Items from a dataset
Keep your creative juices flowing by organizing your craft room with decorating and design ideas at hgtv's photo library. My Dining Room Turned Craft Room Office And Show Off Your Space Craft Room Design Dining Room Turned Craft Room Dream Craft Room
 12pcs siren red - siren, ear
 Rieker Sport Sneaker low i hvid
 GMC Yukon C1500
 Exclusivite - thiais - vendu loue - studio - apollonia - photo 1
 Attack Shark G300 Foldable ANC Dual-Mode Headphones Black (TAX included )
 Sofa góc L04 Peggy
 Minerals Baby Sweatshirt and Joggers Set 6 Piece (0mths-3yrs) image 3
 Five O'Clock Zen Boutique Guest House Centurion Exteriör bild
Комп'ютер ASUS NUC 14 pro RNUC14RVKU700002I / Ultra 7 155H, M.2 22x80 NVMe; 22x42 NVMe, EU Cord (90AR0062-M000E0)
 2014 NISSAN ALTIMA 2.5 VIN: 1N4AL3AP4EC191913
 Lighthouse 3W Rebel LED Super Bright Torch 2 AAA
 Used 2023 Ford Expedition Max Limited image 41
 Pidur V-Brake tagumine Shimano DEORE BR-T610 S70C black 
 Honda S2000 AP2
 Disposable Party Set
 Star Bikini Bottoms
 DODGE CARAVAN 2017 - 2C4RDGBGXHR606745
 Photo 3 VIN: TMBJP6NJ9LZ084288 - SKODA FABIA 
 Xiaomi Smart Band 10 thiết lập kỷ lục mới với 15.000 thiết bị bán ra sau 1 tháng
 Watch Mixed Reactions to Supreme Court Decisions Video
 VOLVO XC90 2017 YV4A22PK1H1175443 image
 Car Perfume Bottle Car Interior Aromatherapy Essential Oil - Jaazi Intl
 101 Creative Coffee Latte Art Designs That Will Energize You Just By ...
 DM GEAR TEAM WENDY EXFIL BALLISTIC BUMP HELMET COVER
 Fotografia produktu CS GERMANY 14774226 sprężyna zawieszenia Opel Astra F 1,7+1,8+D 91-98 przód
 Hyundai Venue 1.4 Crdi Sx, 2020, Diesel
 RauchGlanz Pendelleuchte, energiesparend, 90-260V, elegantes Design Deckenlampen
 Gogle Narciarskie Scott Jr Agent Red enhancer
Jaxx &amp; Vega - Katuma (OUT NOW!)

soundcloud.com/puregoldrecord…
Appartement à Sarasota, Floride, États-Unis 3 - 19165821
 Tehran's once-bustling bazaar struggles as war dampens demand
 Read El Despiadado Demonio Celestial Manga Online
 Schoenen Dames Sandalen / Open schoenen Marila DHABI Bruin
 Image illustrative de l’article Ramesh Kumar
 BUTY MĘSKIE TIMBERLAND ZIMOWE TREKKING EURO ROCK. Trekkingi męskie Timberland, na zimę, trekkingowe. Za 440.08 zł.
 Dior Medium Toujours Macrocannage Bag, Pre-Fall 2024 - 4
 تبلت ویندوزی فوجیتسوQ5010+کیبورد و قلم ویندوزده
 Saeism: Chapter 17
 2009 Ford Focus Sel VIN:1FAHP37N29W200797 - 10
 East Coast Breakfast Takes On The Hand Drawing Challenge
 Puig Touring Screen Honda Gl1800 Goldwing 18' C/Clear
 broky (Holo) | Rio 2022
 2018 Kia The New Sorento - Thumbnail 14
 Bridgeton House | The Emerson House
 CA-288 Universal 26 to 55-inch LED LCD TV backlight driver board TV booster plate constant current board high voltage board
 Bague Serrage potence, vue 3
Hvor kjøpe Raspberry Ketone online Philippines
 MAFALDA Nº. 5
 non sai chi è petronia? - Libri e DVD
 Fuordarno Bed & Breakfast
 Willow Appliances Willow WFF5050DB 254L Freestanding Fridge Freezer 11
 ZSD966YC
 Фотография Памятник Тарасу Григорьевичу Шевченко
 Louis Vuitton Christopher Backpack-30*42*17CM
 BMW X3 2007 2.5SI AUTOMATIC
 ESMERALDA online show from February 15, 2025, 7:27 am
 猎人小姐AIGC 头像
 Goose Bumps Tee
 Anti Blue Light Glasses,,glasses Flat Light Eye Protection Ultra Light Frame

-- Requirement --
Take the stretch of lines above from the one containing "VOLVO XC90 2017 YV4A22PK1H1175443 image" through the one containing "BMW X3 2007 2.5SI AUTOMATIC" and repeat it exactly, adding no other line.

-- Exercise answer --
 VOLVO XC90 2017 YV4A22PK1H1175443 image
 Car Perfume Bottle Car Interior Aromatherapy Essential Oil - Jaazi Intl
 101 Creative Coffee Latte Art Designs That Will Energize You Just By ...
 DM GEAR TEAM WENDY EXFIL BALLISTIC BUMP HELMET COVER
 Fotografia produktu CS GERMANY 14774226 sprężyna zawieszenia Opel Astra F 1,7+1,8+D 91-98 przód
 Hyundai Venue 1.4 Crdi Sx, 2020, Diesel
 RauchGlanz Pendelleuchte, energiesparend, 90-260V, elegantes Design Deckenlampen
 Gogle Narciarskie Scott Jr Agent Red enhancer
Jaxx &amp; Vega - Katuma (OUT NOW!)

soundcloud.com/puregoldrecord…
Appartement à Sarasota, Floride, États-Unis 3 - 19165821
 Tehran's once-bustling bazaar struggles as war dampens demand
 Read El Despiadado Demonio Celestial Manga Online
 Schoenen Dames Sandalen / Open schoenen Marila DHABI Bruin
 Image illustrative de l’article Ramesh Kumar
 BUTY MĘSKIE TIMBERLAND ZIMOWE TREKKING EURO ROCK. Trekkingi męskie Timberland, na zimę, trekkingowe. Za 440.08 zł.
 Dior Medium Toujours Macrocannage Bag, Pre-Fall 2024 - 4
 تبلت ویندوزی فوجیتسوQ5010+کیبورد و قلم ویندوزده
 Saeism: Chapter 17
 2009 Ford Focus Sel VIN:1FAHP37N29W200797 - 10
 East Coast Breakfast Takes On The Hand Drawing Challenge
 Puig Touring Screen Honda Gl1800 Goldwing 18' C/Clear
 broky (Holo) | Rio 2022
 2018 Kia The New Sorento - Thumbnail 14
 Bridgeton House | The Emerson House
 CA-288 Universal 26 to 55-inch LED LCD TV backlight driver board TV booster plate constant current board high voltage board
 Bague Serrage potence, vue 3
Hvor kjøpe Raspberry Ketone online Philippines
 MAFALDA Nº. 5
 non sai chi è petronia? - Libri e DVD
 Fuordarno Bed & Breakfast
 Willow Appliances Willow WFF5050DB 254L Freestanding Fridge Freezer 11
 ZSD966YC
 Фотография Памятник Тарасу Григорьевичу Шевченко
 Louis Vuitton Christopher Backpack-30*42*17CM
 BMW X3 2007 2.5SI AUTOMATIC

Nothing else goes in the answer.